1940 play written by Clifford Odets

Night Music is a 1940 play by Clifford Odets. Written in 1939 and produced by the Group Theatre, the play was a commercial failure, closing after 20 performances.

The play's failure contributed to the dissolution of the Group Theatre. Odets would ultimately spend several months in Hollywood, California in 1940 preparing a screenplay for Night Music, but the screenplay was never produced. It was Odets' last play for the Group Theatre, which was closed in early 1941.

The play, Odets' first attempt at comedy, tells the story of Steve Takis, a young film studio employee who is sent to New York City to collect two trained monkeys and bring them back to Hollywood. One of the monkeys discards his wallet and identity papers, causing havoc, and Takis winds up in jail. He is befriended by a policeman, Detective Rosenberger, and falls in love with a young actress, Fay Tucker. In her 1990 book on the Group Theatre, Real Life Drama, author Wendy Smith called the plot premise "absurd" and described it as a serious flaw, along with the portrayal of Takis as hostile and arrogant.
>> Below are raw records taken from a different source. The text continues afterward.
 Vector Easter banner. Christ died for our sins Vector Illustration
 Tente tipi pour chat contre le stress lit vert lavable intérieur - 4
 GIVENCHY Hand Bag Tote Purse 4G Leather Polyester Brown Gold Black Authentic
At the time of the production of Night Music, Group members were yearning for a commercial success that would keep the group alive, and were pinning their hopes on Odets. Harold Clurman cast Group members Elia Kazan as Steve Takis and Morris Carnovsky as Detective Rosenberger. Jane Wyatt, a stage actress but not a Group member, was cast as Fay Tucker. Other roles were played by Group Theater regulars, including Roman Bohnen, Sanford Meisner, Philip Loeb and Art Smith. Richard Conte, then using the name Nicholas Conte, appeared in a small role.

==Critical response==

The New York Daily News praised the performances called the play "an oddly fascinating bit of urban realism", but the reviews in Boston and New York were generally scathing.
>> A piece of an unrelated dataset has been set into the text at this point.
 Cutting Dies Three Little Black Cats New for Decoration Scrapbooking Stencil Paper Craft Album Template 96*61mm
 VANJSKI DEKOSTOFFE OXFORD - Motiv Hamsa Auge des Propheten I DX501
New York Herald Tribune critic Richard Watts Jr. said that the play seemed to show the influence of William Saroyan, which gave it a "curious note of the derivative" that was atypical of Odets, who was noted for its originality. Watts praised the characterizations but said "inevitably you go away from it with a sense of dissatisfaction." He called it "rambling and repetitious and fuzzy in its philosophy and without cumulative value." New York Times drama critic Brooks Atkinson wrote "Now that Odets writes like Saroyan, Doomsday is near." Atkinson praised the performance and called Kazan "one of the most exciting actors in America." But he described the writing as self-indulgent and called Night Music "a foolish play by a man of great talent."
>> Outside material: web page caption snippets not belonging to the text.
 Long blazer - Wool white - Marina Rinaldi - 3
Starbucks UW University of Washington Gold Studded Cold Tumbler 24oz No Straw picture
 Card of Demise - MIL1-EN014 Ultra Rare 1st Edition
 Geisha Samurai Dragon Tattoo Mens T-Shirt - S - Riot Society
Odets was shaken by the poor notices. In his journal, published in 1988 as The Time is Ripe, Odets called it "Murder in the first degree. The murder of talent, of aspiration, of sincerity, the brutal imperception and indifference to one of the few projects that promise to keep the theater alive." Odets wrote that "something will have to be done about these 'critics,' these lean, dry men who know little or nothing about the theater despite their praise of the actors and production."

== Revival ==
The play was revived in 1951 by the ANTA Playhouse. The cast included Rod Steiger in an early stage role.